During J-term 2019, 367 students and 32 program leaders will participate in one of Luther's 18 courses around the globe.Each course is a different journey and has a different blogger (or several). Below you'll find a blog post from the Paideia 450 course, "Removal and Restitution: Building Communities in South Africa." Check out the January Term 2019 Course Blogs page for more on each of the courses! Although it's impossible to keep up with everyone, these blogs are designed to provide glimpses into our students' adventures.
When thinking about spending a month in South Africa for this course, a saying comes to mind: "If the outcome is certain, it's not an adventure." This trip will undoubtedly be filled with lessons, interactions, and experiences that cannot be predicted. Our class cannot wait for the many adventures that lie ahead!
This J-term Paideia 450 course focuses on the history of the apartheid and political unrest surrounding land restitution in South Africa. Professors Martin Klammer and Richard Mtisi will be leading this course, using their backgrounds in History, Africana Studies, and English. For those of you at home unfamiliar with South African history: let us give you a quick overview.
The apartheid (meaning “apartness” in Afrikaans) is one of the most infamous political movements for racial segregation. It began in 1948 and continued until the early 1990s. This systematic racism robbed the African majority of their rights, land, and livelihood. Nelson Mandela was a revolutionary that lead South Africa to democracy and eliminated the apartheid when he became president in 1994. But how does a country recover from generations of racial segregation and political prejudice? Answer: it takes time, and it is not as simple as it appears.

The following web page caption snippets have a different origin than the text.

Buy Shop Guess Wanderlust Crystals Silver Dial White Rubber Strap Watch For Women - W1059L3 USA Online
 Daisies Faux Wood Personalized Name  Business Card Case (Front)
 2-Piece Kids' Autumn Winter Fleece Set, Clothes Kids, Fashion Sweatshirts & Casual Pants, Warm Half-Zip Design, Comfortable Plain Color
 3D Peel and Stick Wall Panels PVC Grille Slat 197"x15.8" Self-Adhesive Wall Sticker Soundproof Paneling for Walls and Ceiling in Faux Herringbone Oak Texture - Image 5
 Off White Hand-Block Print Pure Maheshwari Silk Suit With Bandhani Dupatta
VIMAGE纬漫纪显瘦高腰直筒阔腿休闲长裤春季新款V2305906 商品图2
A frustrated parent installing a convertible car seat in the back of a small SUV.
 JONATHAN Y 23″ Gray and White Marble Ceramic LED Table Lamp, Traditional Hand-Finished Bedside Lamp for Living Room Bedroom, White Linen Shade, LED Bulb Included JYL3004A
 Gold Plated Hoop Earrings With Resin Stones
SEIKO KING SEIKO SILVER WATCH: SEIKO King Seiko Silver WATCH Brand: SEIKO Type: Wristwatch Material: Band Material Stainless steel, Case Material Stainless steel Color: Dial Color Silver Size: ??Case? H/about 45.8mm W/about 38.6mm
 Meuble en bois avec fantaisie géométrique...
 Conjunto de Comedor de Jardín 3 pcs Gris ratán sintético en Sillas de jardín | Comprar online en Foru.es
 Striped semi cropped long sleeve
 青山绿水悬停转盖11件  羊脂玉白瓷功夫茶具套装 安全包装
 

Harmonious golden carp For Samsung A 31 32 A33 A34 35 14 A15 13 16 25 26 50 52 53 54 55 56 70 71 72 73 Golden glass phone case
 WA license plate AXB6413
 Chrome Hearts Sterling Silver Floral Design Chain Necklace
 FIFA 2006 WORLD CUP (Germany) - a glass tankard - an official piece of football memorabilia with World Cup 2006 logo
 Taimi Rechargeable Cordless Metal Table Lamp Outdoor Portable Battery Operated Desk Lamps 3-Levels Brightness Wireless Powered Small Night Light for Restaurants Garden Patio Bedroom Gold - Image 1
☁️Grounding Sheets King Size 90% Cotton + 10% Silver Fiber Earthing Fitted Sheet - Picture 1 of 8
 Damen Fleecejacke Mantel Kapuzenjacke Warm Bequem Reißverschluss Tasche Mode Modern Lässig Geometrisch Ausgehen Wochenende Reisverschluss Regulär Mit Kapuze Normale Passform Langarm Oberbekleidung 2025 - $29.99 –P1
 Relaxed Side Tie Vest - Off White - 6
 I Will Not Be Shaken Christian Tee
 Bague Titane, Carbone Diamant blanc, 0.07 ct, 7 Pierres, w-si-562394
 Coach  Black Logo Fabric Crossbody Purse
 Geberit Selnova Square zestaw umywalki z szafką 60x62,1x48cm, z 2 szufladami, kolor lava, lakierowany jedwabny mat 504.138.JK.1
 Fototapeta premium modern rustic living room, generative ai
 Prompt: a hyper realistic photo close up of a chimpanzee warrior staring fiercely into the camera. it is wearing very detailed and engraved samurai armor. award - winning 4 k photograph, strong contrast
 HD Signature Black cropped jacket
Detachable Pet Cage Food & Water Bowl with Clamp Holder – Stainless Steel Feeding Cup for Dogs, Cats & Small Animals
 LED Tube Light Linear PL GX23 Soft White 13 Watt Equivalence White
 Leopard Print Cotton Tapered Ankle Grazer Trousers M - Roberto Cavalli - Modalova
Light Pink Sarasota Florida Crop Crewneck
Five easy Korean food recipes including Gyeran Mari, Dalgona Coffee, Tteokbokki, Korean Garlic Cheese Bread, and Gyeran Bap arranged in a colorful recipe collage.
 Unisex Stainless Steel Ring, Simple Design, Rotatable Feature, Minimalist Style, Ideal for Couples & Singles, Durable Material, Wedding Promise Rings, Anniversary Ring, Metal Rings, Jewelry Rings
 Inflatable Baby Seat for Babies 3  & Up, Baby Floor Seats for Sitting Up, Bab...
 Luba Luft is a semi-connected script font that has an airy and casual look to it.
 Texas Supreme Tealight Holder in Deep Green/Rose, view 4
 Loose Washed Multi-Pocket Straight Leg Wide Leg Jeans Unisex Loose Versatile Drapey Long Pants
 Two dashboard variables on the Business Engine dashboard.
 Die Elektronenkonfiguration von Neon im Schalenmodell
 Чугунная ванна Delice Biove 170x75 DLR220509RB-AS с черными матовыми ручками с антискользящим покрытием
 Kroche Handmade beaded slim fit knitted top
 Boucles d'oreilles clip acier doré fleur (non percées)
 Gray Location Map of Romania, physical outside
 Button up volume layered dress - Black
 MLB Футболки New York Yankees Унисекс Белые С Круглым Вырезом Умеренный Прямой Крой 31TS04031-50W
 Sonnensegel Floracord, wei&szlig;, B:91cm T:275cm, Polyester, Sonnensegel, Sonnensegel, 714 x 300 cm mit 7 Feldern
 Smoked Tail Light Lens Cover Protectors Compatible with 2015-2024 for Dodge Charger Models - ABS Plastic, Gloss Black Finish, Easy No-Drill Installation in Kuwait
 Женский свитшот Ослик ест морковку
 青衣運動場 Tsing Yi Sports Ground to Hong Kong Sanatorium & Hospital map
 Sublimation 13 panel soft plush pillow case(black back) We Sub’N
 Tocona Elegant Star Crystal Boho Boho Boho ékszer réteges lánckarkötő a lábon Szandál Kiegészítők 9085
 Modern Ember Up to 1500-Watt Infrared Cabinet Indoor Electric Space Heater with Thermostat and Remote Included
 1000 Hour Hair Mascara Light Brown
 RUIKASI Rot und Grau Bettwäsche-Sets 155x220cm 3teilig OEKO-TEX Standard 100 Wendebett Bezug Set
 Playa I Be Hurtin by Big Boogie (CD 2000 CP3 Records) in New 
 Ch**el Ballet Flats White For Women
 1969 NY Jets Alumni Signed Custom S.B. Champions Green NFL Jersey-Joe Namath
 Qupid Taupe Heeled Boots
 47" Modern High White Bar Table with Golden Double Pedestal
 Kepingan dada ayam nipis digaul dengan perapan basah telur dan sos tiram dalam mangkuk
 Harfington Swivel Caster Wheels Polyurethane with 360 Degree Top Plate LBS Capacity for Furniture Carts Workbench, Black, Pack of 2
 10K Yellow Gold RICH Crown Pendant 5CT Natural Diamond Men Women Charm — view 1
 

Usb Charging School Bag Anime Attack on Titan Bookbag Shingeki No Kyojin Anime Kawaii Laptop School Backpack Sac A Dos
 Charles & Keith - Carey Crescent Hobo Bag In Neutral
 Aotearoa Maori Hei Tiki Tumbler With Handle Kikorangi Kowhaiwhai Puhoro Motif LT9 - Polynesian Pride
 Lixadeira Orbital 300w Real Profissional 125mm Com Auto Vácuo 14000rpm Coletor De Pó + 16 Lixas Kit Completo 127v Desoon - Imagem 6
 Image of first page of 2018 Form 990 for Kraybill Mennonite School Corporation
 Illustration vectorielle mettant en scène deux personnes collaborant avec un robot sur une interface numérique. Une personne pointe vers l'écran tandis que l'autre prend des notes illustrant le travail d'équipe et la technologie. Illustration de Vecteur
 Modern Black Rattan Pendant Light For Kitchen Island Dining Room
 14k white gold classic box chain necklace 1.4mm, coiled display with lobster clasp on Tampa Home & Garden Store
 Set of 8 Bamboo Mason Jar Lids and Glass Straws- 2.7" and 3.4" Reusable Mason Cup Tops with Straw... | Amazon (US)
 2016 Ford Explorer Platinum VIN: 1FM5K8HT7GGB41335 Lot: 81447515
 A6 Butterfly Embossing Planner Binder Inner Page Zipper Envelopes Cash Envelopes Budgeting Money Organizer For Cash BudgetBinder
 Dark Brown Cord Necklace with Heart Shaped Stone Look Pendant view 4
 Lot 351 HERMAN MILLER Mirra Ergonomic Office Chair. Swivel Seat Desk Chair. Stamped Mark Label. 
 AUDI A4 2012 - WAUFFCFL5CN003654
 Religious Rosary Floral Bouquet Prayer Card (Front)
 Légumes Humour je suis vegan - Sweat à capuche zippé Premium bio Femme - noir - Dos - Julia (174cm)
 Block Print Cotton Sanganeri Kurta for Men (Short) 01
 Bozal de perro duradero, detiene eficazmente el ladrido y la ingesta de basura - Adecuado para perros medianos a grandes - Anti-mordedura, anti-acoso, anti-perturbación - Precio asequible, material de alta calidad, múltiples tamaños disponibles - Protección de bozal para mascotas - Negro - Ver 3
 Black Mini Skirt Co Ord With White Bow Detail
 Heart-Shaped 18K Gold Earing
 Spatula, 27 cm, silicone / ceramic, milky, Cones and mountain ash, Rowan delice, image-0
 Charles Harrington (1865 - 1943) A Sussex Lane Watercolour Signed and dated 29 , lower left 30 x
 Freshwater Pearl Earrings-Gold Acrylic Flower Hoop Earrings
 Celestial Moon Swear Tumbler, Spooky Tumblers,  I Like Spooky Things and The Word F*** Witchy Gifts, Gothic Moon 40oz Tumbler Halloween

Land restitution is an excellent case study of these issues. During the apartheid, black Africans were displaced from their homes and farmland. In fact, according to one of our readings, the black majority was only allowed to live on 7% of the total land in South Africa. This crippled them economically, as they do not have any natural resources to utilize, even though they have greater political freedom now. This demonstrates why returning the land to the original African owners is a hot topic in South African politics. How should white Africans be displaced? How is the land divided again? Should the government pay individuals to restitute the land? If undeveloped land is given, should the government pay the new landowners to create infrastructure? These are all questions that our course seeks answers to. Our professors’ vast knowledge and passion for these issues will lead us through the country.
Our trip consists of visits to Johannesburg, Kruger National Park, and Cape Town. Within these, we will be visiting museums, conversing with government officials, and witnessing a variety of communities. These will include Hillbrow, Soweto, Sophiatown, Makuleke Village, and District 6. We will be departing from Chicago on January 8th, and arriving in Johannesburg on January 10th. More details of these specific experiences to come!
Finally, allow us to introduce ourselves. We will be the blog coordinators throughout the trip, updating based on our adventures and lessons every couple days!
Lauren Bristol is a junior nursing major from Webster, Minnesota. She is currently living in Rochester, Minnesota doing a year of clinical rotations at Mayo Clinic Hospitals. In her free time, Lauren enjoys photography, hiking with her dogs, and running. She is looking forward to witnessing the vibrant culture and resilience of South Africans amidst the background of environmental crises and widespread racism.
Lyndsay Monsen is a senior communication studies major from Highland Park, IL. On campus, she works for Chips, plans SAC Concerts through her position as a co-chair, and is involved with various groups through College Ministries. After Luther, she’s hoping to start a career in outdoor ministry, but first she’s excited to experience South African culture and learn about how its history still impacts the country today.
Munsanda Muleya is a senior majoring in Economics and Management. She is an international student from Lusaka, Zambia. Being from Southern Africa, she is enthused with South African history and its contribution to the country's economic and political climate. She is particularly looking to understand the issue of land, and the potential impact it might have towards the progression of marginalized communities in South Africa.